> _Task_
What you return must match, exactly, the lines running from the one containing "201 College Street, Batesville, MS 38606" to the end of the data, both included, and must contain no pictures.

Items listed in a dataset:

******************************

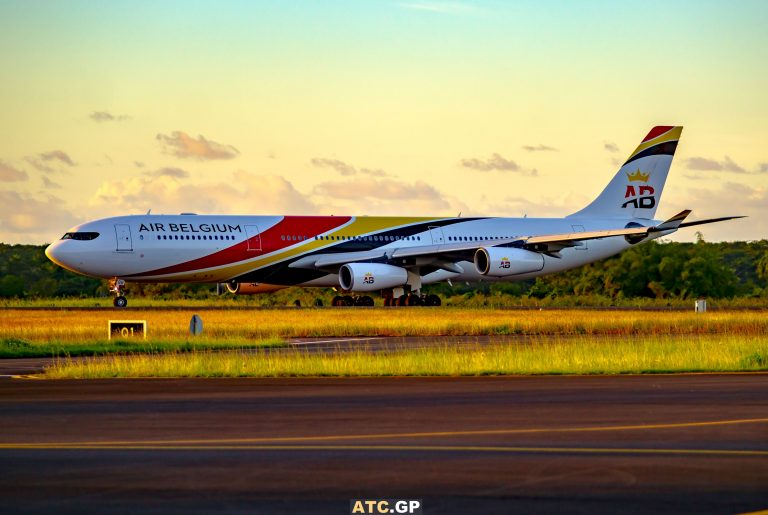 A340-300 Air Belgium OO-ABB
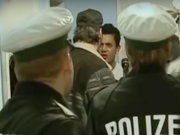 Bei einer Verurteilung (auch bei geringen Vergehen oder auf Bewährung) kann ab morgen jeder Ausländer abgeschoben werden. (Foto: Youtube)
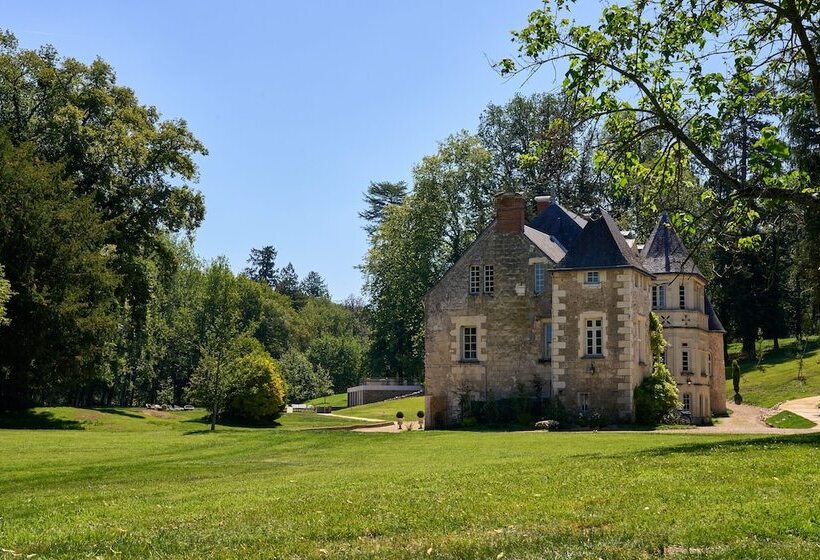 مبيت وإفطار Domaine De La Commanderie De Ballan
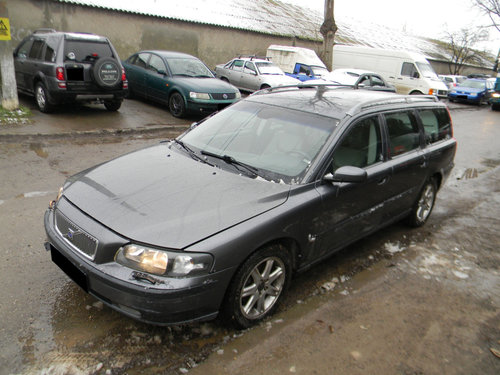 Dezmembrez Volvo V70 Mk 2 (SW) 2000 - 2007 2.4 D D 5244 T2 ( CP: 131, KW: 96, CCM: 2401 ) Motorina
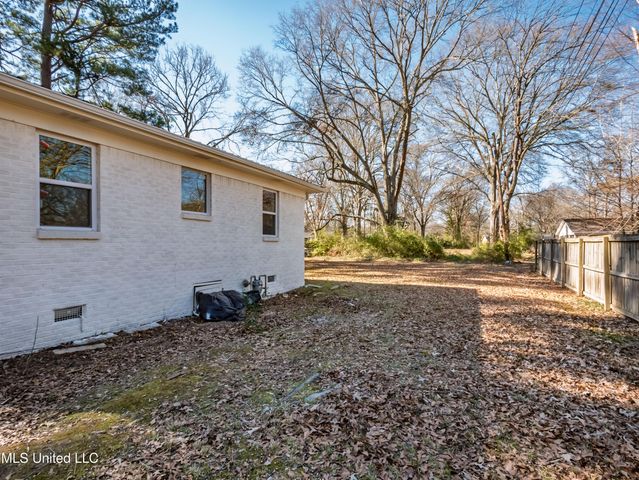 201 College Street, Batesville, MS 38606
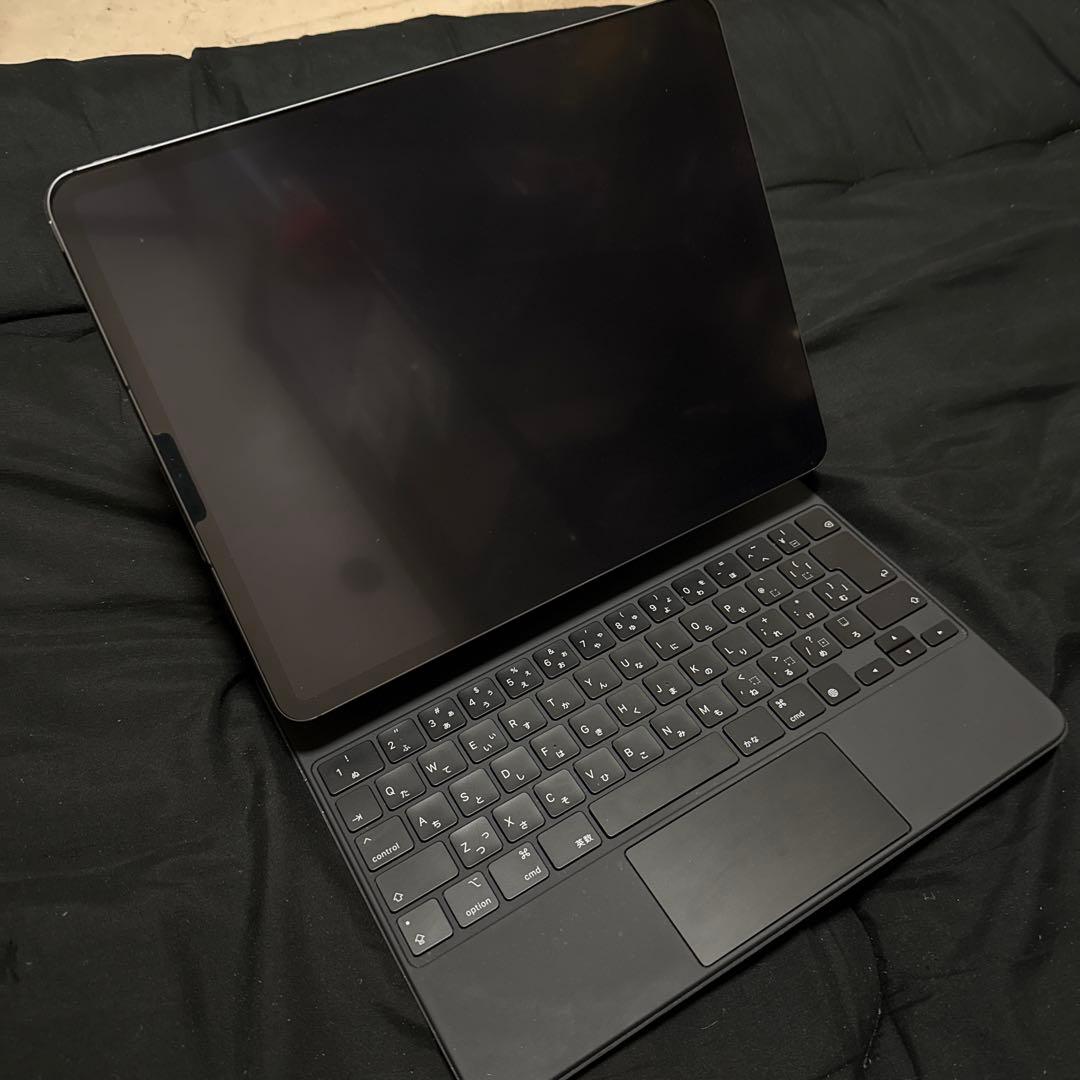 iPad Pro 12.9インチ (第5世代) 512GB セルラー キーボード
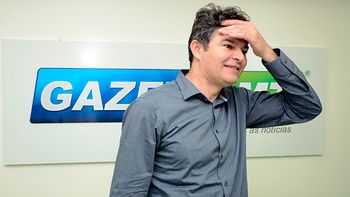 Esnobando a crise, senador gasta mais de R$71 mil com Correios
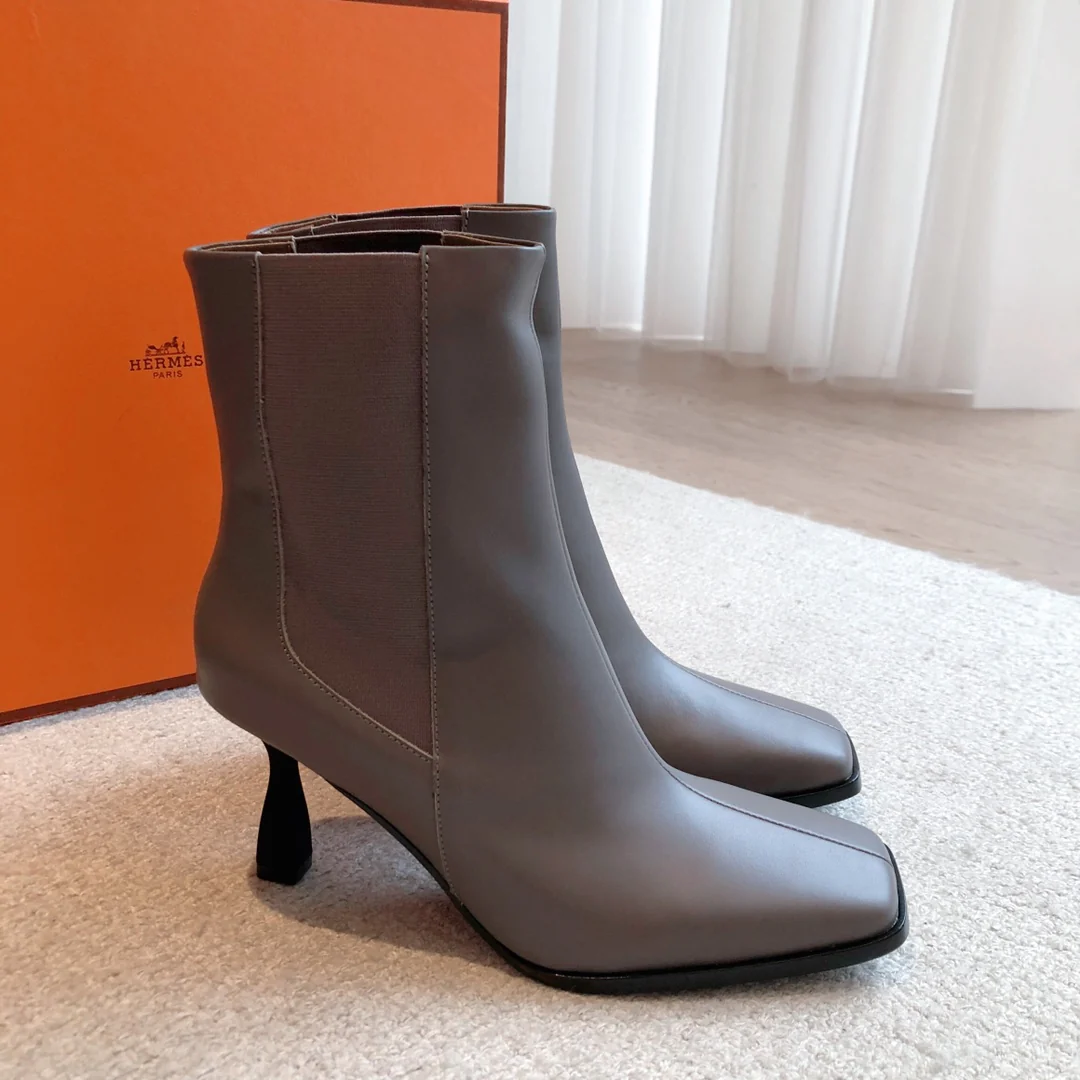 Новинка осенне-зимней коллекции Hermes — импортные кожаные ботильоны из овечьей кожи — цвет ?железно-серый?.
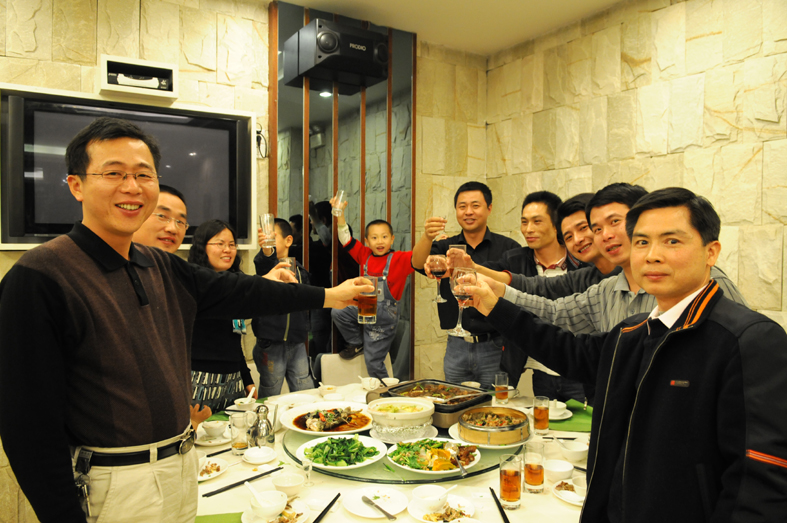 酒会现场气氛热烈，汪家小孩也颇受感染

******************************

> _Response area_
 201 College Street, Batesville, MS 38606
 iPad Pro 12.9インチ (第5世代) 512GB セルラー キーボード
 Esnobando a crise, senador gasta mais de R$71 mil com Correios
 Новинка осенне-зимней коллекции Hermes — импортные кожаные ботильоны из овечьей кожи — цвет ?железно-серый?.
 酒会现场气氛热烈，汪家小孩也颇受感染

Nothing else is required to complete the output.